Pictures aside, repeat the whole listing word for word.

» **EXERCISE INPUT**:
:::::

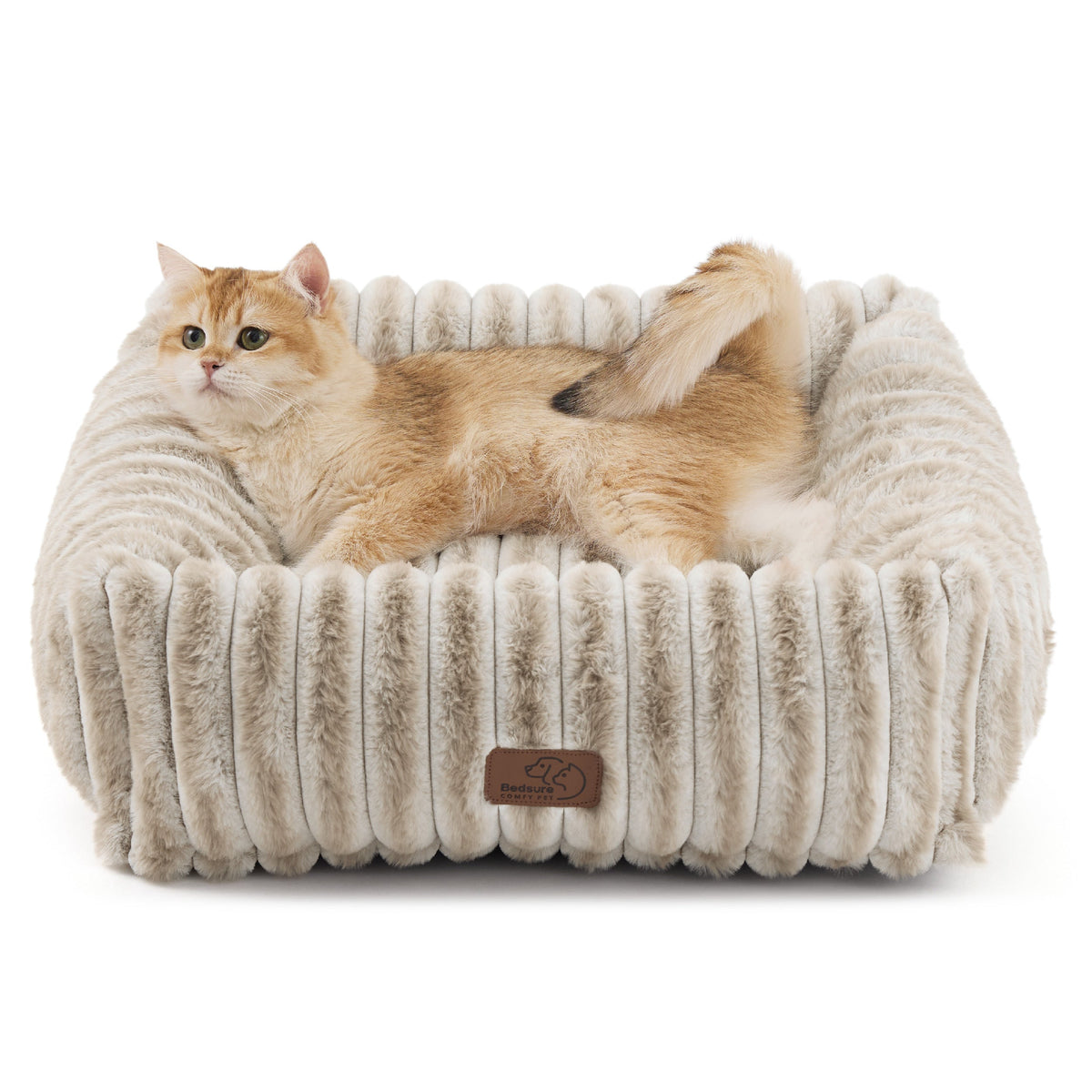 ComfyFleece® Rectangular Dog Bed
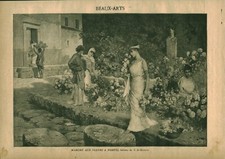 Document ancien gravure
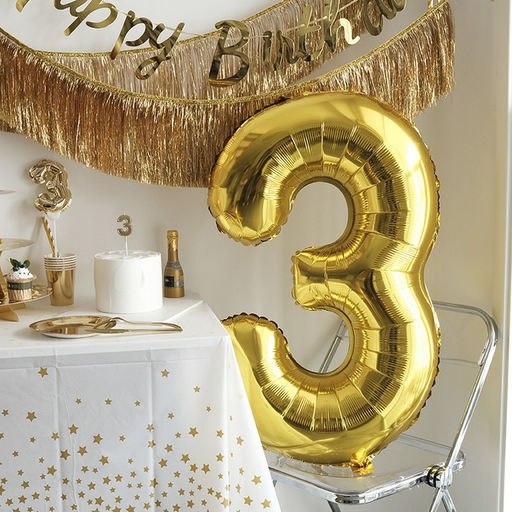 Воздушный шар фольгированный 40 Цифра 2 - Страна карнавалия фото 12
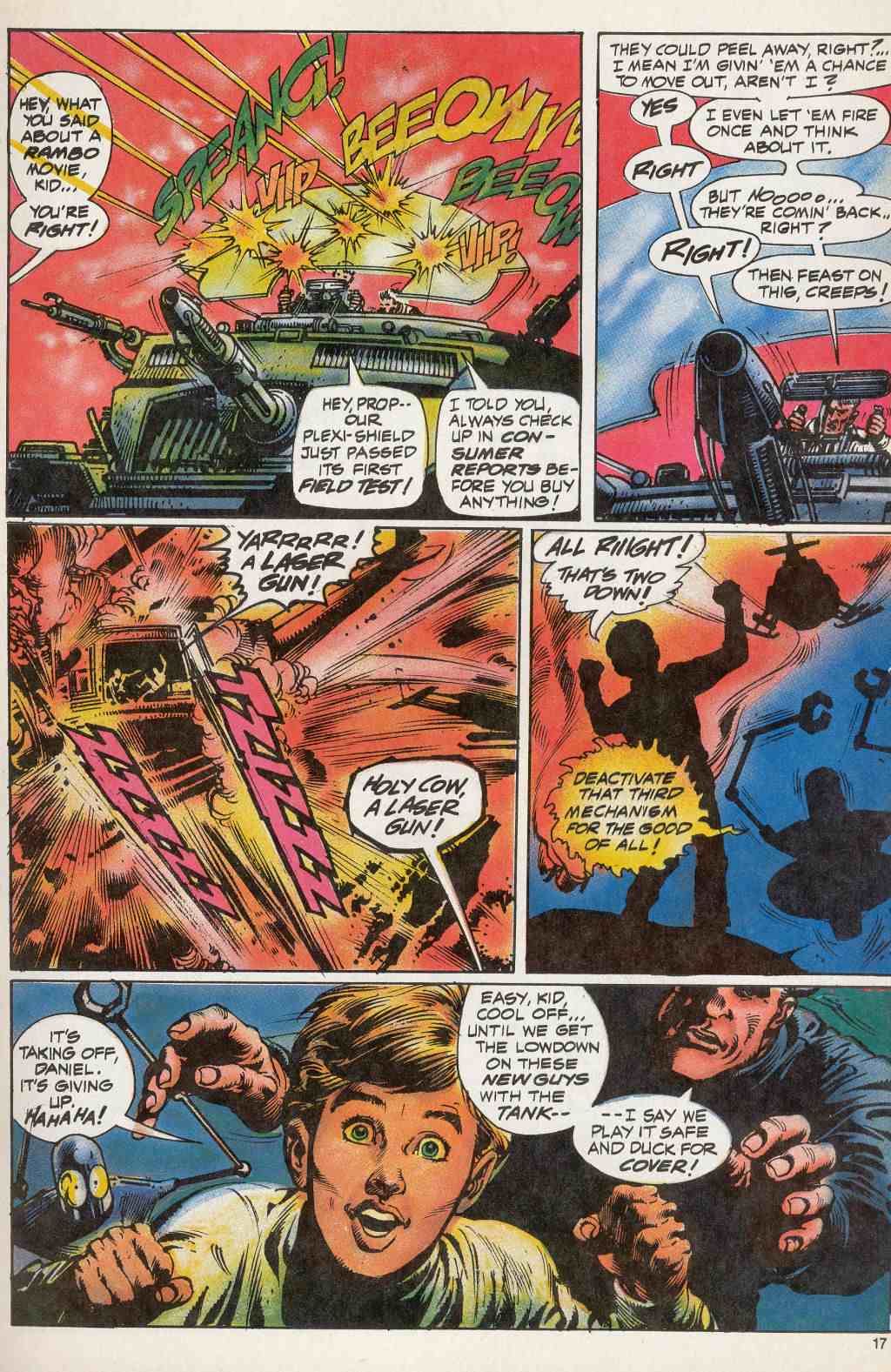 Read online Toyboy comic -  Issue #2 - 19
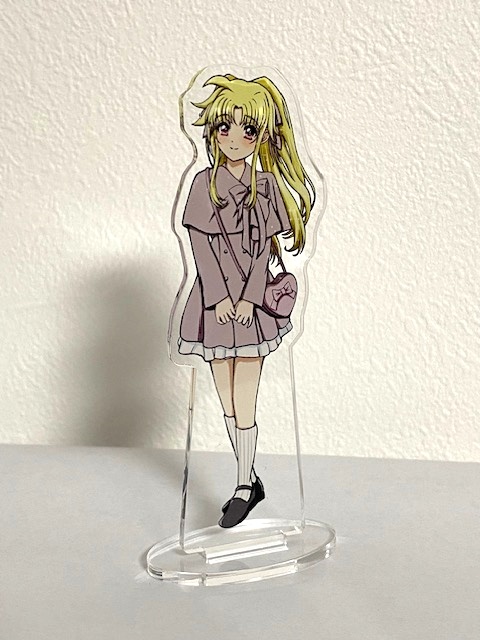 フェイトちゃん(2025冬) アクリルスタンド 約100mm(7日以内に発送)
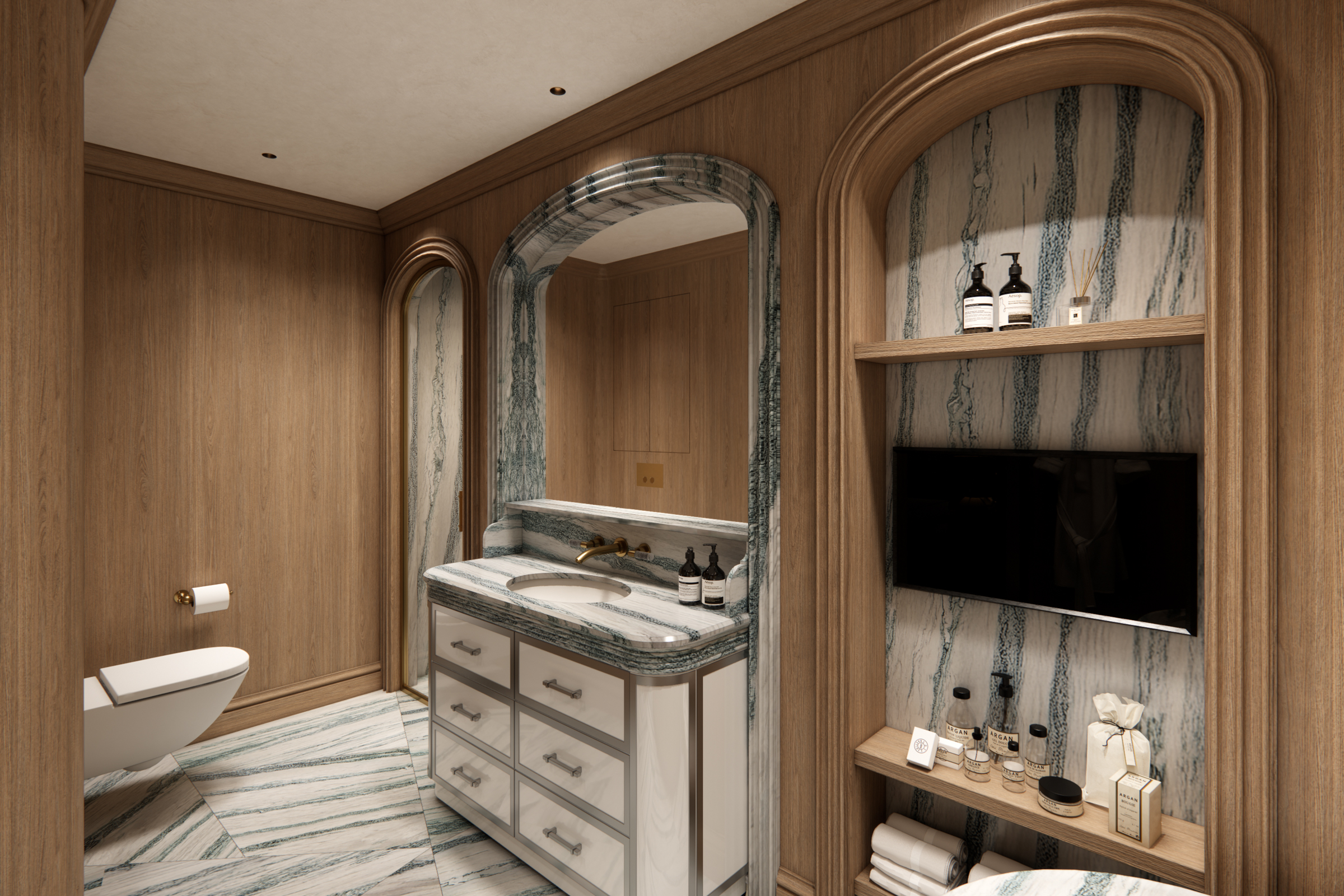  A Three-Bedroom Apartment Overlooking Regent’s Park - 物件實景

:::::

» **THE ANSWER**:
 ComfyFleece® Rectangular Dog Bed
 Document ancien gravure
 Воздушный шар фольгированный 40 Цифра 2 - Страна карнавалия фото 12
 Read online Toyboy comic -  Issue #2 - 19
 フェイトちゃん(2025冬) アクリルスタンド 約100mm(7日以内に発送)
  A Three-Bedroom Apartment Overlooking Regent’s Park - 物件實景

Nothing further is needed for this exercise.